:: PROBLEM DESCRIPTION ::
Each line of data below must be printed exactly as written, with any pictures removed.

:: SOURCE MATERIAL ::
[Start of Attachment]
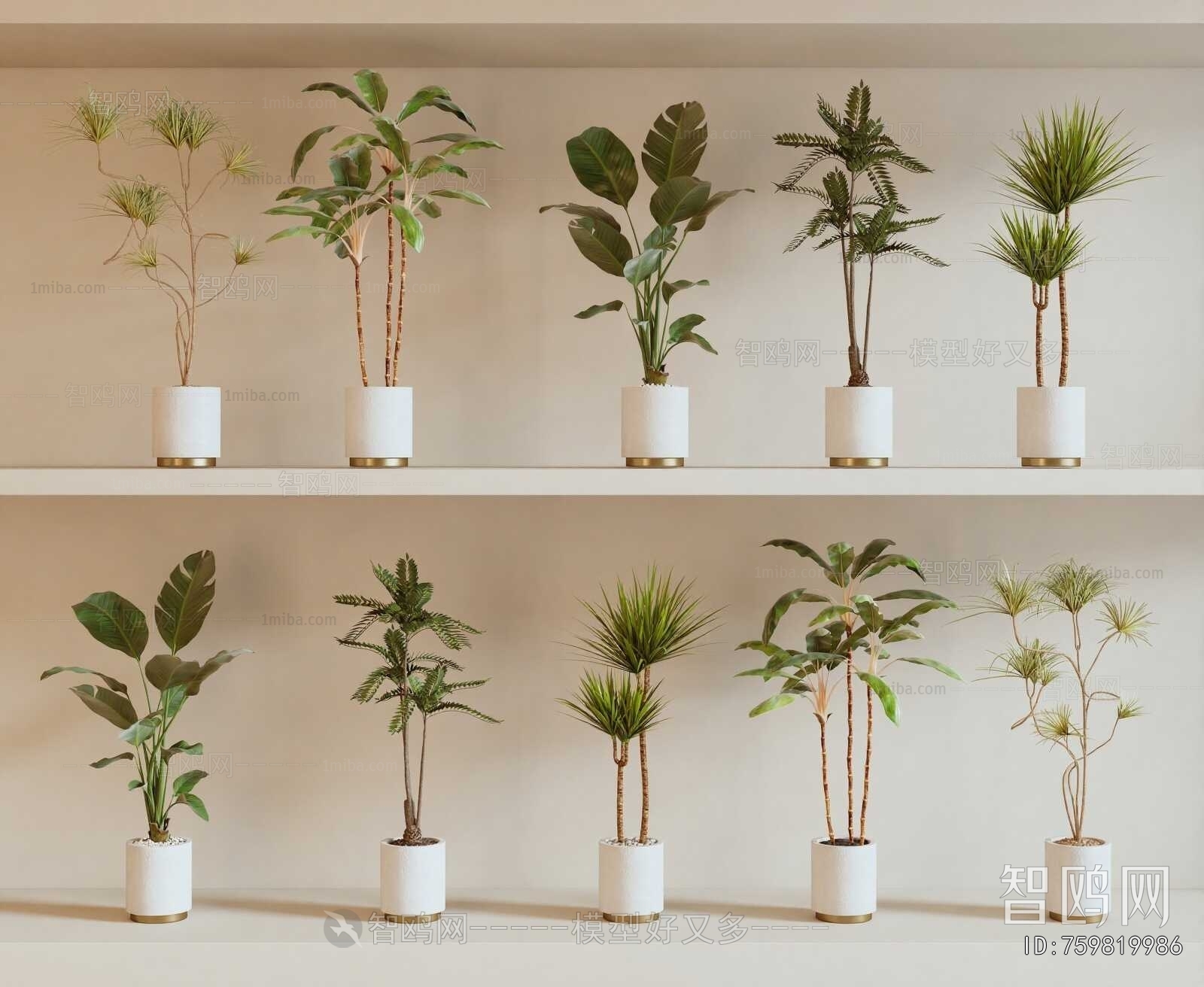 Modern Ground Green Plant Potted Plants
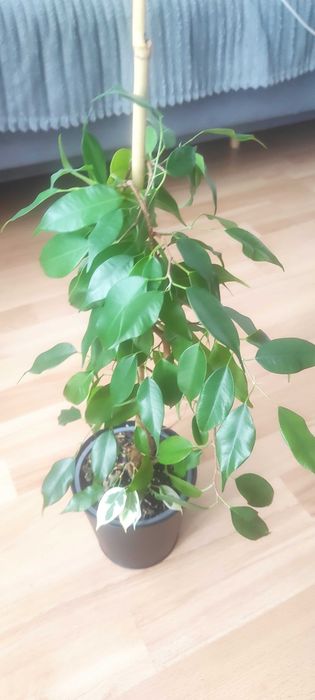 Kwiatek Ficus Benjamina
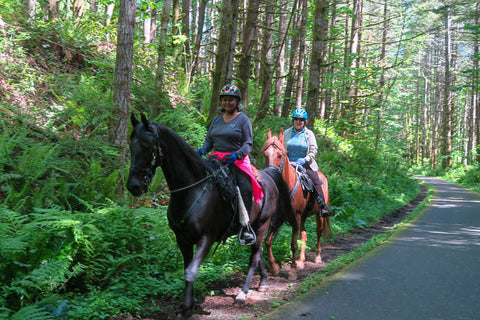 L.L. (Stub) Stewart State Park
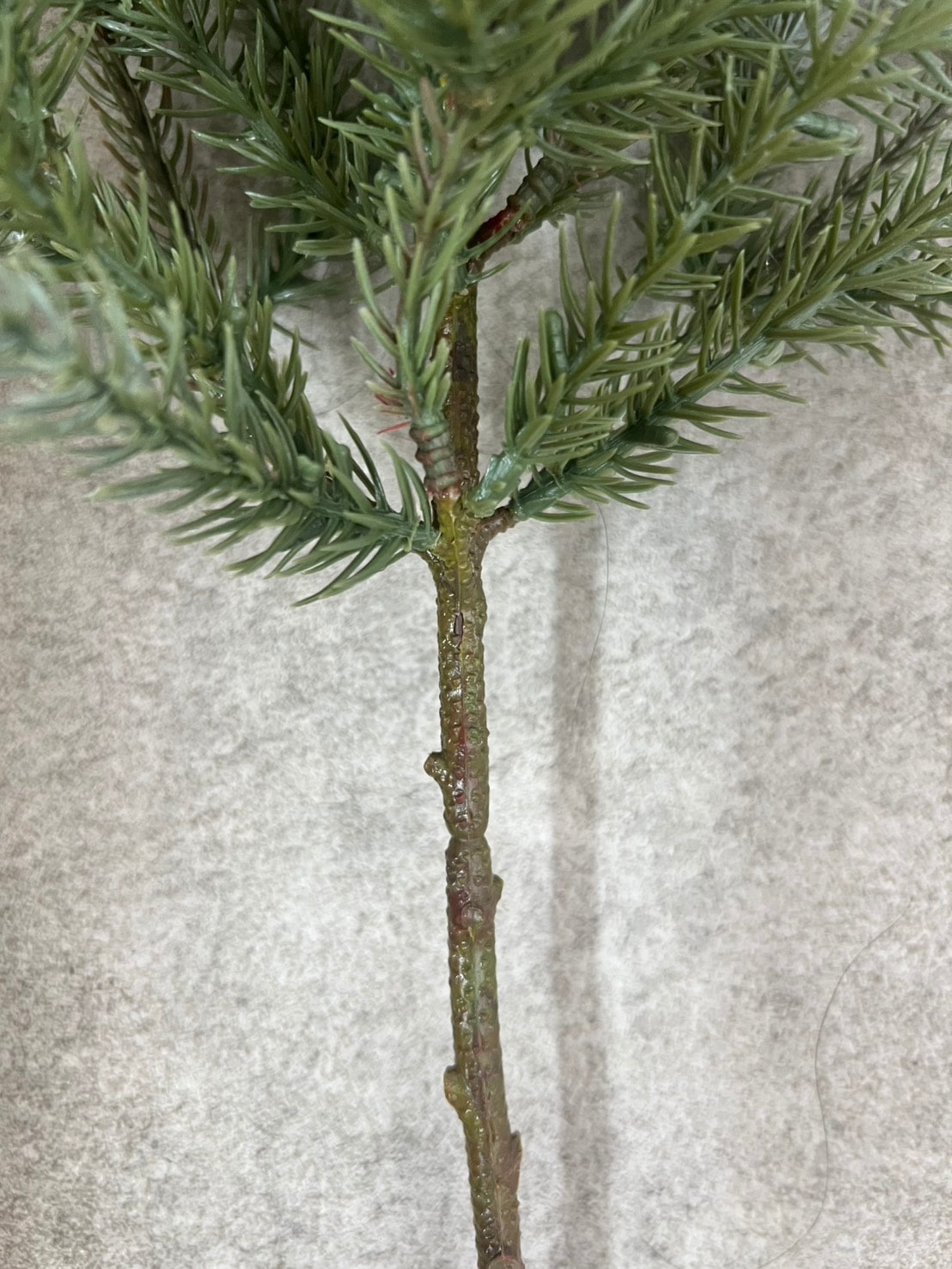 大人可愛いモミの木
[End of Attachment]
:: RESULT OF THIS EXERCISE ::
 Modern Ground Green Plant Potted Plants
 Kwiatek Ficus Benjamina
 L.L. (Stub) Stewart State Park
 大人可愛いモミの木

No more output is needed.